Scaling the Cluster Monitoring Operator | Scalability and performance

Prometheus database storage requirements
Configuring cluster monitoring

OpenShift Container Platform exposes metrics that the Cluster Monitoring Operator collects and stores in the Prometheus-based monitoring stack. As an administrator, you can view system resources, containers and components metrics in one dashboard interface, Grafana.

Prometheus database storage requirements

Red Hat performed various tests for different scale sizes.

Table 1. Prometheus Database storage requirements based on number of nodes/pods in the cluster
Number of Nodes	Number of Pods	Prometheus storage growth per day	Prometheus storage growth per 15 days	RAM Space (per scale size)	Network (per tsdb chunk)
50	1800	6.3 GB	94 GB	6 GB	16 MB
100	3600	13 GB	195 GB	10 GB	26 MB
150	5400	19 GB	283 GB	12 GB	36 MB
200	7200	25 GB	375 GB	14 GB	46 MB

Approximately 20 percent of the expected size was added as overhead to ensure that the storage requirements do not exceed the calculated value.

The above calculation is for the default OpenShift Container Platform Cluster Monitoring Operator.

CPU utilization has minor impact. The ratio is approximately 1 core out of 40 per 50 nodes and 1800 pods.

Lab environment

In a previous release, all experiments were performed in an OpenShift Container Platform on RHOSP environment:

Infra nodes (VMs) - 40 cores, 157 GB RAM.
CNS nodes (VMs) - 16 cores, 62 GB RAM, NVMe drives.

Currently, RHOSP environments are not supported for OpenShift Container Platform 4.2.

Recommendations for OpenShift Container Platform

Use at least three infrastructure (infra) nodes.
Use at least three openshift-container-storage nodes with non-volatile memory express (NVMe) drives.

Configuring cluster monitoring

Procedure

To increase the storage capacity for Prometheus:

Create a YAML configuration file, cluster-monitoring-config.yml.

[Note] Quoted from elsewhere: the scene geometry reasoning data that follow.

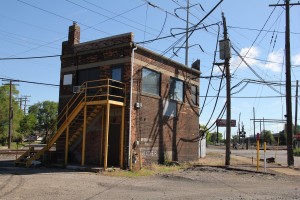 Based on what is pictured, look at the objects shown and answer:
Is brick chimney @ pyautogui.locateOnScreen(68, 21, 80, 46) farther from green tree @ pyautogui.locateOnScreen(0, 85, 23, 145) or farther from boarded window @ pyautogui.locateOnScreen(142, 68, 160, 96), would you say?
green tree @ pyautogui.locateOnScreen(0, 85, 23, 145)

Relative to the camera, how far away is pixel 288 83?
79.8 ft

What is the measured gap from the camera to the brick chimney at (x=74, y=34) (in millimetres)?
22391

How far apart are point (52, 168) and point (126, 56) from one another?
687cm

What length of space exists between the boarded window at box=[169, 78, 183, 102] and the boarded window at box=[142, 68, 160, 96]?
5.16 ft

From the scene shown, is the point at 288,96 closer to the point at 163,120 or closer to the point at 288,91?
the point at 288,91

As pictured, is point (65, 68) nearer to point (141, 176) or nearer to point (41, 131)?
point (141, 176)

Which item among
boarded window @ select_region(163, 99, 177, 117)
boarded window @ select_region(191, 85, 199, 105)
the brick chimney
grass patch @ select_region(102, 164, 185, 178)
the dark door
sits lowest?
grass patch @ select_region(102, 164, 185, 178)

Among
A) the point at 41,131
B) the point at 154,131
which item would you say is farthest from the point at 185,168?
the point at 41,131

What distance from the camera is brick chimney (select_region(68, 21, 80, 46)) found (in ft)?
73.5

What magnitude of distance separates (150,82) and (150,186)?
8.46 m

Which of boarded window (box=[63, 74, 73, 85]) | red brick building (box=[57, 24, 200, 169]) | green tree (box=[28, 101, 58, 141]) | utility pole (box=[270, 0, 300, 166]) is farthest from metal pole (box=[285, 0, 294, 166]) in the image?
green tree (box=[28, 101, 58, 141])

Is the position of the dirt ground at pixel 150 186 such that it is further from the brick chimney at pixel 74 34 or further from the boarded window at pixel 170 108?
the brick chimney at pixel 74 34

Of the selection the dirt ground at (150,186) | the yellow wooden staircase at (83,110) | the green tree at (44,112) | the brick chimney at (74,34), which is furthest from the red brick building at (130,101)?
the green tree at (44,112)

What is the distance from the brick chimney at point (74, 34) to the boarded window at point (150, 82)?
488 cm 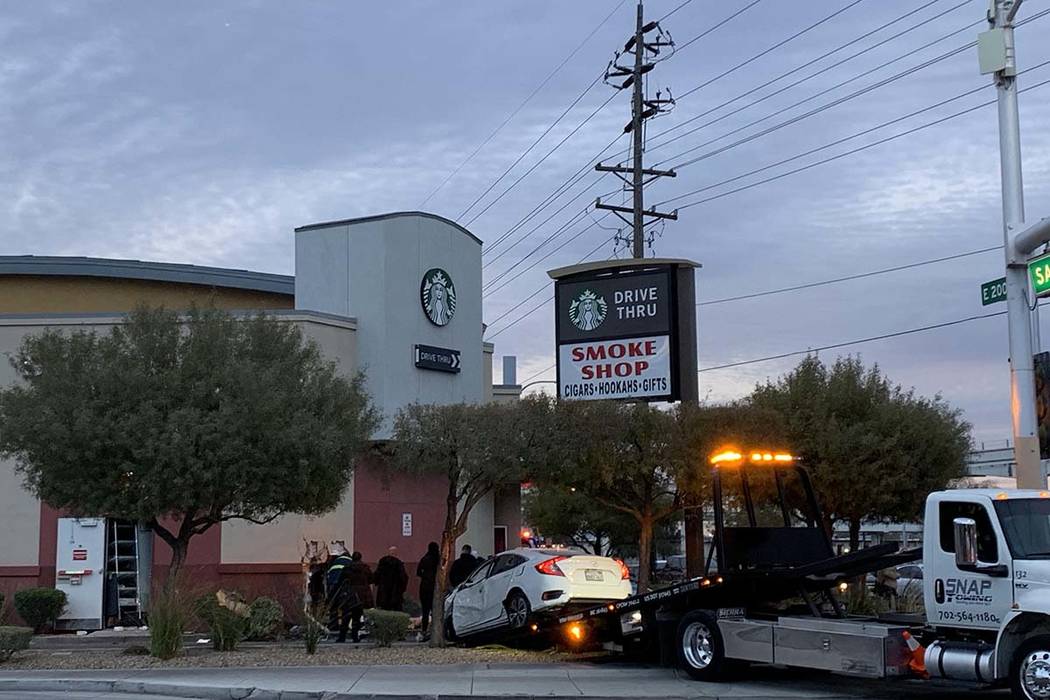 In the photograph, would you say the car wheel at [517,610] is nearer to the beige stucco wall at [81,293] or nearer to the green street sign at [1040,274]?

For example:

apiVersion: v1
kind: configmap
data:
  config.yaml: |
    prometheusOperator:
      baseImage: quay.io/coreos/prometheus-operator
      prometheusConfigReloaderBaseImage: quay.io/coreos/prometheus-config-reloader
      configReloaderBaseImage: quay.io/coreos/configmap-reload
      nodeSelector:
        node-role.kubernetes.io/infra: ""
    prometheusK8s:
      retention: {{PROMETHEUS_RETENTION_PERIOD}} (1)
      baseImage: openshift/prometheus
      nodeSelector:
        node-role.kubernetes.io/infra: ""
      volumeClaimTemplate:
        spec:
          storageClassName: gp2
          resources:
            requests:
              storage: {{PROMETHEUS_STORAGE_SIZE}} (2)
    alertmanagerMain:
      baseImage: openshift/prometheus-alertmanager
      nodeSelector:
        node-role.kubernetes.io/infra: ""
      volumeClaimTemplate:
        spec:
          storageClassName: gp2
          resources:
            requests:
              storage: {{ALERTMANAGER_STORAGE_SIZE}} (3)
    nodeExporter:
      baseImage: openshift/prometheus-node-exporter
    kubeRbacProxy:
      baseImage: quay.io/coreos/kube-rbac-proxy
    kubeStateMetrics:
      baseImage: quay.io/coreos/kube-state-metrics
      nodeSelector:
        node-role.kubernetes.io/infra: ""
    grafana:
      baseImage: grafana/grafana
      nodeSelector:
        node-role.kubernetes.io/infra: ""
    auth:
      baseImage: openshift/oauth-proxy
    k8sPrometheusAdapter:
      nodeSelector:
        node-role.kubernetes.io/infra: ""
metadata:
  name: cluster-monitoring-config
namespace: openshift-monitoring

1	A typical value is `PROMETHEUS_RETENTION_PERIOD=15d`. Units are measured in time using one of these suffixes: s, m, h, d.
2	A typical value is `PROMETHEUS_STORAGE_SIZE=2000Gi`. Storage values can be a plain integer or as a fixed-point integer using one of these suffixes: E, P, T, G, M, K. You can also use the power-of-two equivalents: Ei, Pi, Ti, Gi, Mi, Ki.
3	A typical value is `ALERTMANAGER_STORAGE_SIZE=20Gi`. Storage values can be a plain integer or as a fixed-point integer using one of these suffixes: E, P, T, G, M, K. You can also use the power-of-two equivalents: Ei, Pi, Ti, Gi, Mi, Ki.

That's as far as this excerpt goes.